_INFORMATION SUPPLIED_.
——

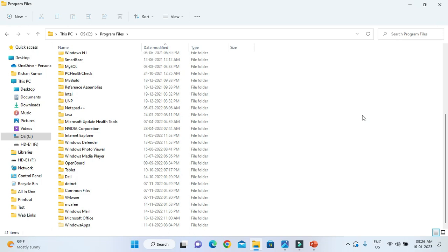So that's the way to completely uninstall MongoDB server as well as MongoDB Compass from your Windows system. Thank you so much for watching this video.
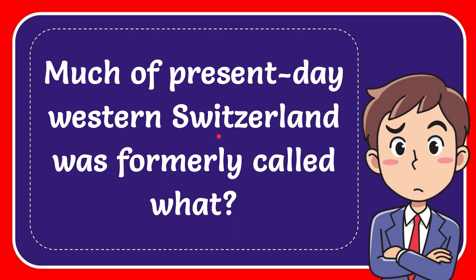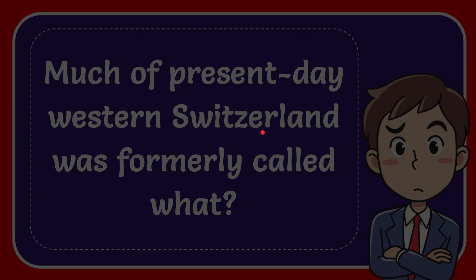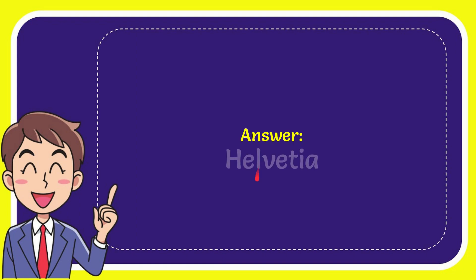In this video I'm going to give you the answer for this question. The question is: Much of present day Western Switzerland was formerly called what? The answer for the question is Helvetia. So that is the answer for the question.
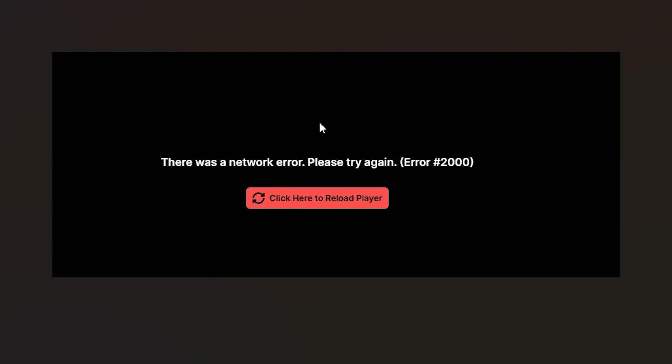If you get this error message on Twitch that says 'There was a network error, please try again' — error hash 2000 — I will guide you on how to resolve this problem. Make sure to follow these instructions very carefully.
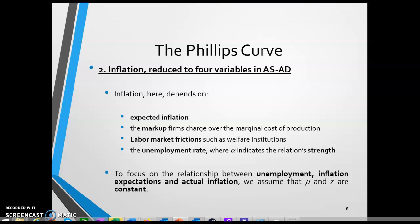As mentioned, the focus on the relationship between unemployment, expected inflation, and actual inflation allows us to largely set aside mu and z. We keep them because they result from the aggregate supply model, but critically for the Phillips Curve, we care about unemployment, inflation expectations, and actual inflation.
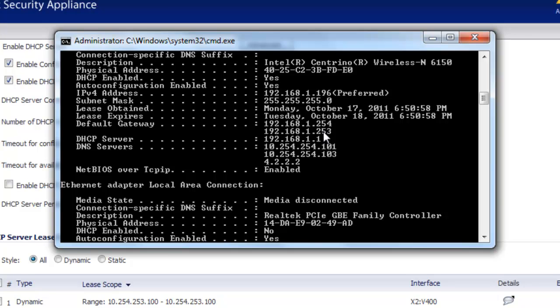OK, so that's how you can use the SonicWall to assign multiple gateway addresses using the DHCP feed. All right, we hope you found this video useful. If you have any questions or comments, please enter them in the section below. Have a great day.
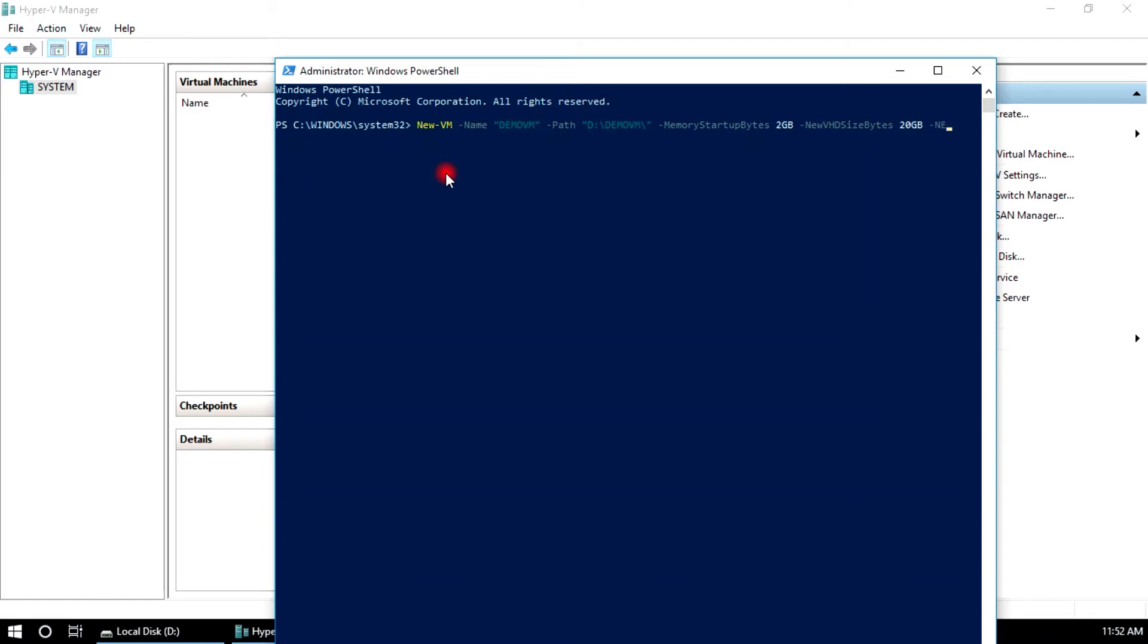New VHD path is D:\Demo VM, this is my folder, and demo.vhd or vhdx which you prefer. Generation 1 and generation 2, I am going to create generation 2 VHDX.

——

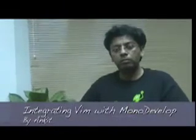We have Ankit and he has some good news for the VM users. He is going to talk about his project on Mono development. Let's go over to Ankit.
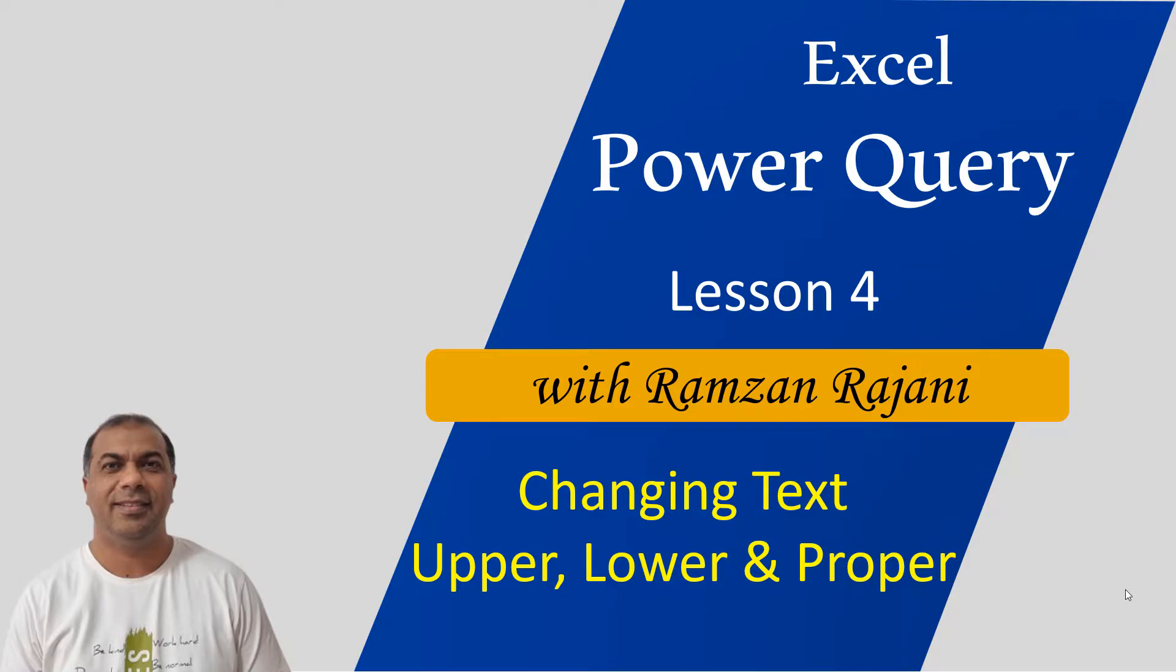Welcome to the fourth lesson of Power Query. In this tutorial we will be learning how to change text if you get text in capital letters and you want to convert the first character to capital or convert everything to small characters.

——

_EXERCISE PROMPT_.
Look above for the line with "OK, so that's" and the line with "New VHD path"; set down those two lines and all lines between them exactly, without pictures and without anything else.

_SOLUTION TO THIS PROBLEM_.
OK, so that's how you can use the SonicWall to assign multiple gateway addresses using the DHCP feed. All right, we hope you found this video useful. If you have any questions or comments, please enter them in the section below. Have a great day.
New VHD path is D:\Demo VM, this is my folder, and demo.vhd or vhdx which you prefer. Generation 1 and generation 2, I am going to create generation 2 VHDX.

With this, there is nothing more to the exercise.